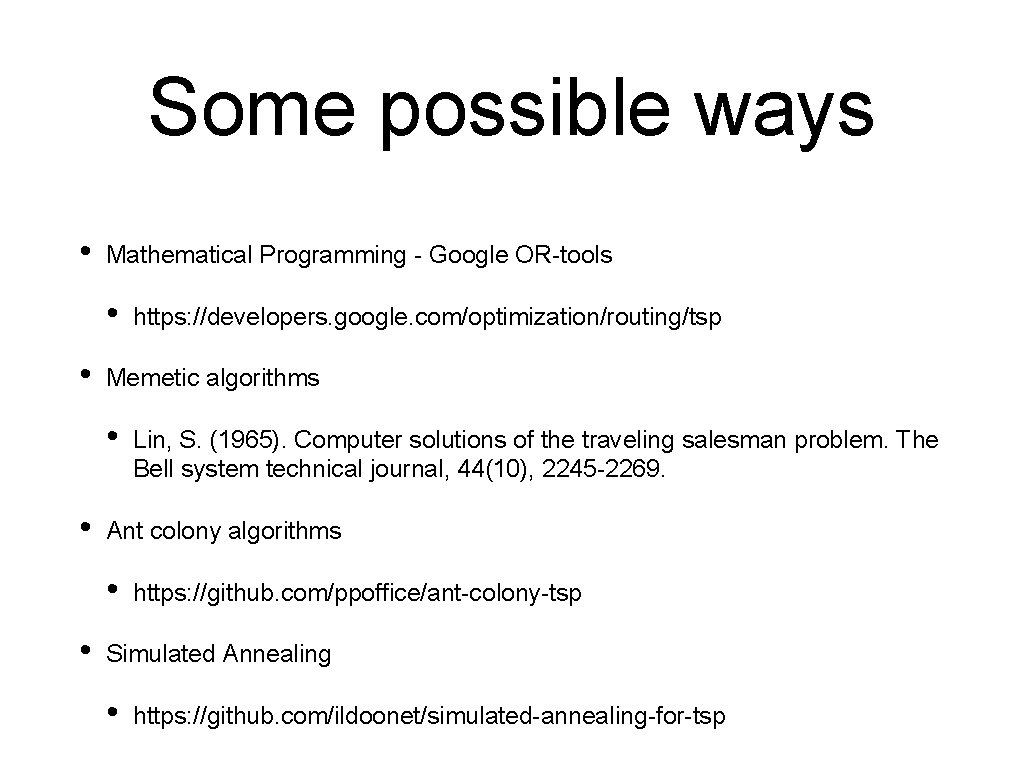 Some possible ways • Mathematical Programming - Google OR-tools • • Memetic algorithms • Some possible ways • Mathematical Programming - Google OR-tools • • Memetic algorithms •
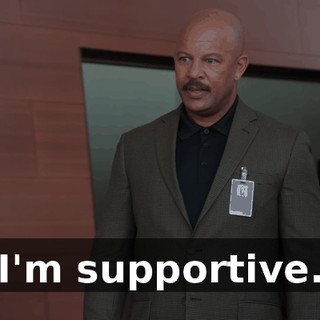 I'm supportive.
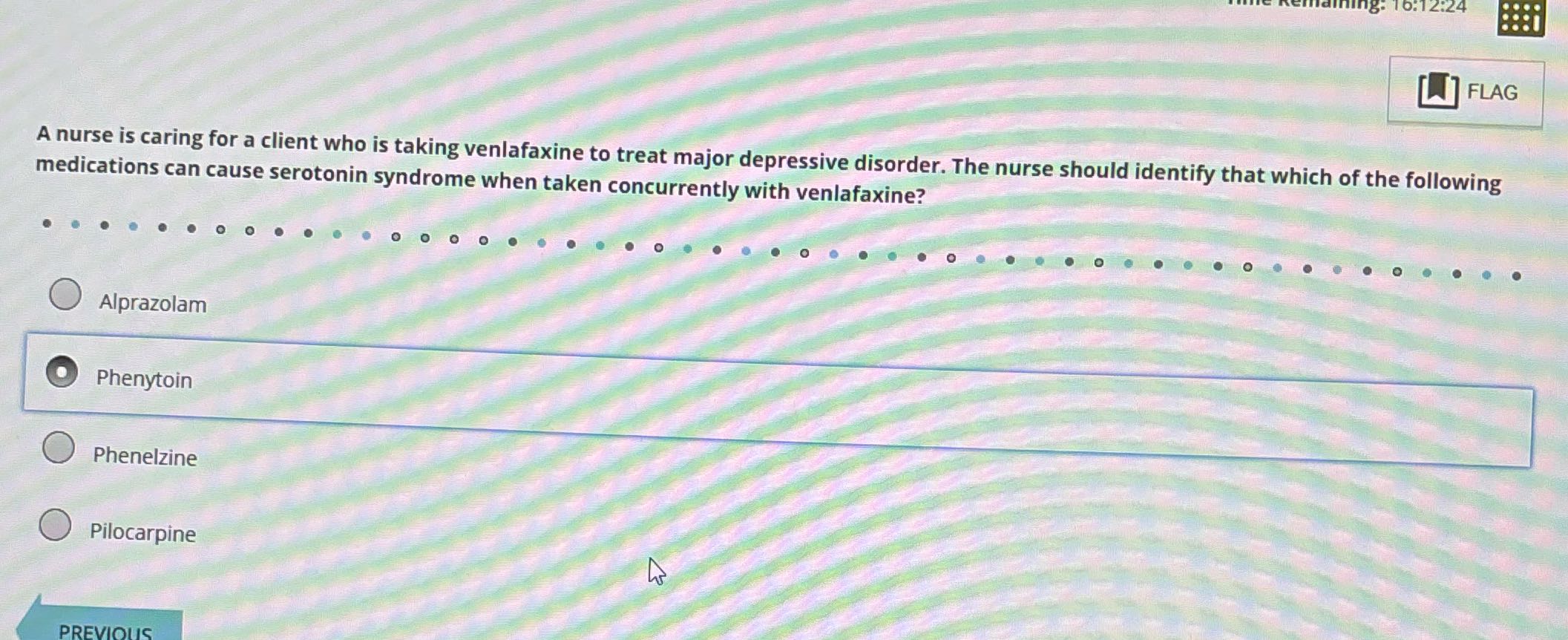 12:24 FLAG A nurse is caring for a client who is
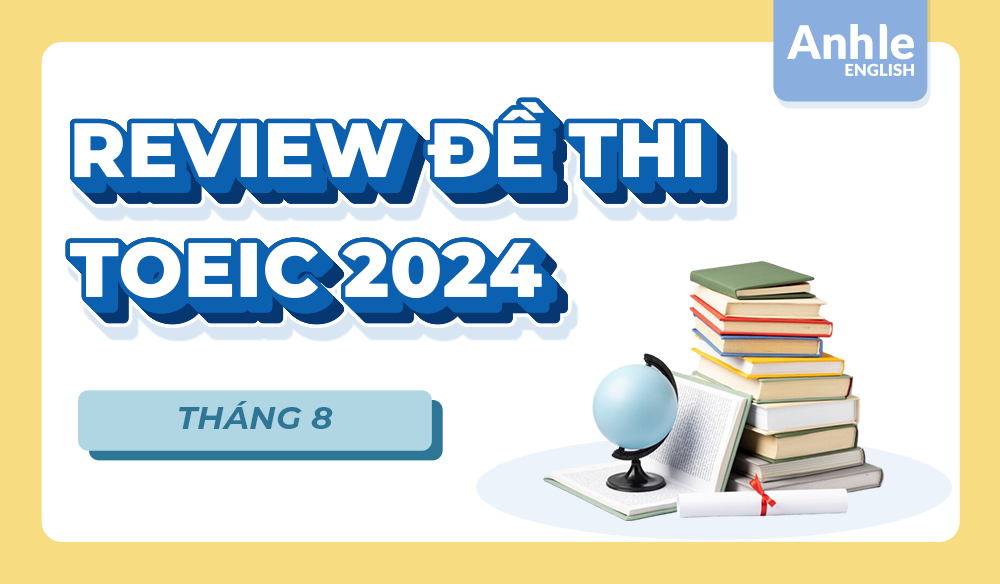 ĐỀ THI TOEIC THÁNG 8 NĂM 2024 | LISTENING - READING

---

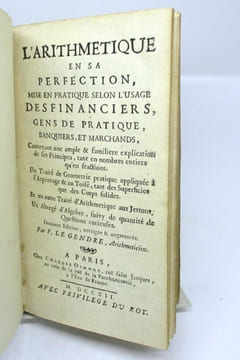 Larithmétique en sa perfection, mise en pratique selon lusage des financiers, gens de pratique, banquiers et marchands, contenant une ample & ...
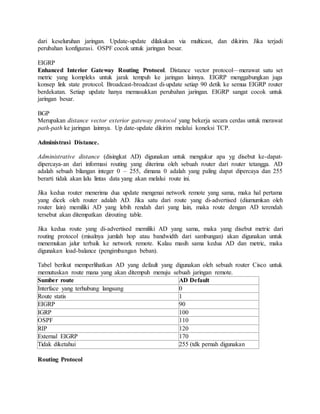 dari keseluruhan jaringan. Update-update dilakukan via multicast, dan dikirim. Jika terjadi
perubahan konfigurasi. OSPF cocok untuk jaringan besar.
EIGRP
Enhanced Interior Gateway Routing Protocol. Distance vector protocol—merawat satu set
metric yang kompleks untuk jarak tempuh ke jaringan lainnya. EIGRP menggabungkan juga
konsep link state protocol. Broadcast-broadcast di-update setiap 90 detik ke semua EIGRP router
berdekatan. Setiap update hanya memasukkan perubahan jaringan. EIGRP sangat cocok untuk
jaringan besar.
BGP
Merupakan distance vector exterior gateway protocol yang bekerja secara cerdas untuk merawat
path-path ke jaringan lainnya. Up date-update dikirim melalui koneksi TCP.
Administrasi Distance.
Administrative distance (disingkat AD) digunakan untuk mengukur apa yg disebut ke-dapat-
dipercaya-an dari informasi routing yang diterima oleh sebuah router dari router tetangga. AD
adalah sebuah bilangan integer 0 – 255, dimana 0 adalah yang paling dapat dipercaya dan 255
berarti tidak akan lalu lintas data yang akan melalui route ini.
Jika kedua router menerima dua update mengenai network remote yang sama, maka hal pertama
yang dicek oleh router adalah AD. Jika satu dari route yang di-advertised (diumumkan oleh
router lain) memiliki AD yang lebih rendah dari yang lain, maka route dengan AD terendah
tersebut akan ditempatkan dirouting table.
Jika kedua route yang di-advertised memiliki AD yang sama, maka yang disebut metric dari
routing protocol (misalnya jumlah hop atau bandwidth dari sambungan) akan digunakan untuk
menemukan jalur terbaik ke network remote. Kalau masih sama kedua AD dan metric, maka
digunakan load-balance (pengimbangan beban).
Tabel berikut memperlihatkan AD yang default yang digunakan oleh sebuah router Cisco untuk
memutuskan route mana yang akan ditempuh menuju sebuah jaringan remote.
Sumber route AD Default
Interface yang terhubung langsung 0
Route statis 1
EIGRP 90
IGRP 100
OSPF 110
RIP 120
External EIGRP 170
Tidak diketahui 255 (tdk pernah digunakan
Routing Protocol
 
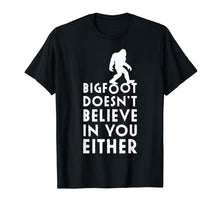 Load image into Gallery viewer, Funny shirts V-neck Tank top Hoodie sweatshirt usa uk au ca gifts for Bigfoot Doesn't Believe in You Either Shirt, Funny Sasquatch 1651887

==

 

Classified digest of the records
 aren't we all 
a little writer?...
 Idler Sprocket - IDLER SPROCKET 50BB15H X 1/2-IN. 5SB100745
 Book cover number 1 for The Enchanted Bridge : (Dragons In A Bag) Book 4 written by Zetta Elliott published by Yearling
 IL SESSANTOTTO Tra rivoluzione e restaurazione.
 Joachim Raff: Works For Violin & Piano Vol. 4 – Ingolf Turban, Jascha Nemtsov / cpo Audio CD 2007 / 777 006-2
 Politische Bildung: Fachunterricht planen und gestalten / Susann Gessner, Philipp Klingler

• **The task**: In the listing above, find the line containing "routing protocol (misalnya" and the line containing "memutuskan route mana", then retype both and every line between them exactly, with nothing else.

• **Result**:
routing protocol (misalnya jumlah hop atau bandwidth dari sambungan) akan digunakan untuk
menemukan jalur terbaik ke network remote. Kalau masih sama kedua AD dan metric, maka
digunakan load-balance (pengimbangan beban).
Tabel berikut memperlihatkan AD yang default yang digunakan oleh sebuah router Cisco untuk
memutuskan route mana yang akan ditempuh menuju sebuah jaringan remote.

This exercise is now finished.